B. RL Engineering Practice
Once you have learned the core RL algorithms, a different reality quickly becomes obvious: the real difficulty is rarely the algorithm, but the engineering.
The model does not fit on a single GPU. Training runs for an entire day and the loss still goes up. Offline scores disagree with your intuition. The evaluation looks fine, but the product regresses. These are not questions that standard RL textbooks answer, but in real work you will face them every week.
This appendix is deliberately structured so that each section explains one thing clearly. Jump around as needed.

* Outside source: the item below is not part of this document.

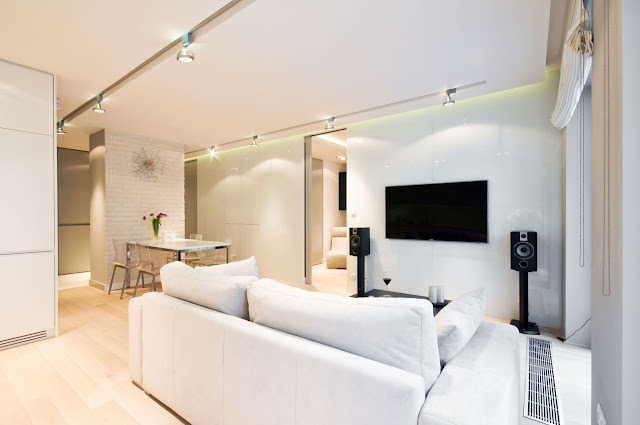 Sofas at Home Lightened by Track Lamp on Ceiling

Structure of This Appendix
| Section | Topic | What Problem It Solves |
|---|---|---|
| B.1 RL Training Infrastructure: Sampling, Asynchrony, and Distributed Systems | How an RL training system actually runs | Sampling bottlenecks, rollout engines, async training, weight synchronization, DP/TP/PP/EP |
| B.2 Agentic RL Infrastructure | What infrastructure Agentic RL requires | Sandboxes, trajectory storage, tool execution, multi-turn scheduling, a Relax case study |
| B.3 RL Post-Training and Agentic RL Benchmarks | How to tell whether the model and agent are improving | Post-training evaluation, agentic benchmarks, training monitoring, badcase attribution, release gates |
| B.4 A Glossary of RL Training Metrics for LLMs | What the metrics in training logs actually mean | PPO/GRPO/DPO/RM metrics grouped by function, abnormal signals, framework differences |
| B.5 Industry Exercises | Practical skills for post-training and RL roles | Real job tasks decomposed into stable capabilities, a skills map, and 8 industry-style exercises |
Reading Suggestions
- If you are doing LLM post-training: read B.1 → B.3 → B.4.
- If you are doing Agentic RL: read B.1 → B.2 → B.3.
- If you are doing game or robotics RL: focus on the non-LLM part of B.1 and the monitoring part of B.3.
- If you are preparing for interviews: start from the exercises in B.5, and then jump back when you find gaps.
- If you only need the meaning of a metric: go directly to B.4 Metrics Glossary and look it up.